Apresentamos a seguir os novos investimentos em geração de energia do Grupo. Todos os projetos se encontram em fase pré-operacional e, por isso, não dispõem de dados para análise de seu desempenho econômico-financeiro:
PARQUES EÓLICOS
Em agosto de 2010, a Neoenergia ingressou no segmento de fontes alternativas e, em conjunto com a Iberdrola Renovables e a Iberdrola Renováveis do Brasil, conquistou no 2º Leilão de Fontes Alternativas promovido pela ANEEL, os contratos de venda de energia de nove parques eólicos com capacidade instalada total de 258 MW. Em julho de 2011, a Iberdrola Renováveis do Brasil adquiriu a participação acionária da Iberdrola Renovables, ficando portanto com 50% do capital da Força Eólica do Brasil, empresa controladora dos parques eólicos.

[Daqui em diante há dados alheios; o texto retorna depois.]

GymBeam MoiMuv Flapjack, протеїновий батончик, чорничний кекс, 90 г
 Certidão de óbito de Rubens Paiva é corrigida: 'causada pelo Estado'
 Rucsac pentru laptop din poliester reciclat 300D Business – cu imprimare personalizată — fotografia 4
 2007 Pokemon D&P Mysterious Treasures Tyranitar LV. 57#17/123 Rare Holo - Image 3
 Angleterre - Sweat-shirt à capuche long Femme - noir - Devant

Os parques eólicos estão na região Nordeste, sendo dois no estado da Bahia (Caetité 2 e Caetité 3) e sete no estado do Rio Grande do Norte (Arizona 1, Calango 1, Calango 2, Calango 3, Calango 4, Calango 5 e Mel 2). Também em parceria com a Iberdrola Renováveis, a Neoenergia, construirá na Bahia seu décimo Parque Eólico, Caetité 1, com capacidade de 30 MW, totalizando 288 MW de capacidade instalada em eólicas. Ao todo, serão 288 MW de capacidade instalada e 124,6 MW médios de garantia física, sendo 122,5 MW médios já contratados por um pool de 14 distribuidoras cada, com previsão de entrada em operação em 2013.
No ano de 2012, foi contratado financiamento com o BNDES no montante de R$ 767,7 MM para a construção dos 10 parques – 5 na modalidade direta e 5 na modalidade através de repasse através do Banco do Brasil. Do montante contratado, ainda em 2012 foram liberados R$ 397,8 MM.
Em 19 de fevereiro de 2013, o Parque Eólico de Mel 2 entrou em operação comercial. Em março, os Parques Eólicos Caetité 2 e Caetité 3 tiveram suas obras concluídas, e foi solicitado o Despacho de “APTO A OPERAÇÃO COMERCIAL” a ANEEL. Em função do atraso do sistema de transmissão, esses empreendimentos não poderão iniciar o estado operacional de imediato.
UHE BAIXO IGUAÇU
Em setembro de 2008 a NEOENERGIA, através da sua subsidiária integral Geração Céu Azul, arrematou a concessão para construção e exploração da Usina Hidrelétrica de BAIXO IGUAÇU no 7º Leilão de Energia Nova A-5 organizado pela
ANEEL. A UHE será construída no Rio Iguaçu, estado do Paraná, e terá capacidade instalada de 350 MW e 172,8 MW médios de garantia física.
A UHE BAIXO IGUAÇU foi arrematada pela NEOENERGIA com preço ofertado de R$ 99,00/MWh, o que representou um deságio de 19,5% em relação ao preço de referência de R$ 123,00/MWh estipulado pela ANEEL para este leilão. A usina fornecerá 121 MW médios no mercado regulado e 47 MW médios serão comercializados no mercado livre. Em agosto de 2012 foi assinado o contrato de concessão e a previsão de entrada em operação comercial é 2016.
UHE TELES PIRES
Em 17 de dezembro de 2010, no leilão 04/2010 promovido pela ANEEL, a Neoenergia (50,1%) junto com seus sócios Furnas (24,5%), Eletrosul (24,5%) e Odebrecht Participações e Investimentos (0,9%) adquiriu autorização para a implantação da Usina Hidrelétrica de Teles Pires localizada no rio Teles Pires, situado entre as cidades de Paranaíta/MT e Jacareacanga/PA.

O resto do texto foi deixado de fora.